F - Three Variables Game
Let $a$, $b$ and $c$ be the numbers of $A$, $B$ and $C$, respectively. We will use the characters $X$, $Y$ being either $A$, $B$ or $C$ with $X \neq Y$. Let $x$ and $y$ the numbers corresponding to $X$ and $Y$, respectively.
Solution
The following lemma is obvious, but plays an important role.
Lemma F.1: We cannot continue playing this game if and only if we encounter the event $XY$ with $x = y = 0$.
Let $s = a + b + c$. We exclude the case $s = 0$; the answer is “No” since $N \geq 1$. Note that each manipulation does not alter $s$.
Case $s = 1$
It is difficult to manage to play the game when $s$ is small. First, consider $s = 1$. In this case, our choice is determined uniquely for each step. Just adding $1$ to $0$ and subtract $1$ from $1$. If we encounter $x = y = 0$, the answer is “No”; otherwise “Yes” and flush that unique set of manipulations.
Case $s \geq 2$
Lemma F.2: Assume $s \geq 2$. The answer is “No” if and only if, given the first string is $XY$, it holds that $x = y = 0$. Otherwise, we can complete playing the game.
Proof: Assume that we are given the string $XY$ and $x + y \geq 1$. Our strategy is stated as follows.
- If $x = 0$, we make an increment of $x$ and a decrement of $y$.
- If $y = 0$, we make an increment of $y$ and a decrement of $x$.
- Otherwise, we make an increment of the variable which appears in the next step, too.
We prove that, if we adopt this strategy in this turn, we won’t make the game terminated in the next turn. By Lemma F.1, it suffice to show that, in the next turn, we won’t encounter the situation that $x’ + y’ = 0$, where $x’$ and $y’$ are next variables we will take an action for.
Assume that $x = 0$. If the next string is also $XY$, we can continue the next turn. Assume that the string is different.
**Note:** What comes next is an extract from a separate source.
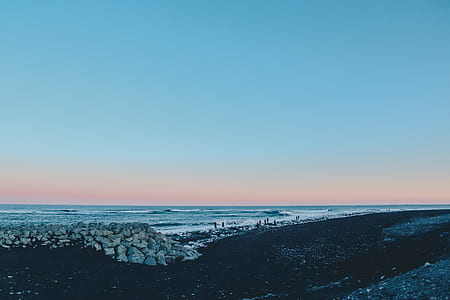 brown rocks beside seashore thumbnail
If $y \geq 2$, both $x$ and $y$ become positive. Thus, we can continue the next turn. Suppose that $y = 1$. Let $z$ be the variable other than $x$ or $y$. In this case, It follows that $z = s - x - y = s - 1 \geq 1$. Hence, we can continue the next turn as desired. The case $y = 0$ is the similar.
Assume that $x, y \geq 1$. Since we make an increment of the variable which appears in the next step, it implies that $x’ + y’ \geq 1$ in the next turn as desired. This completes the proof.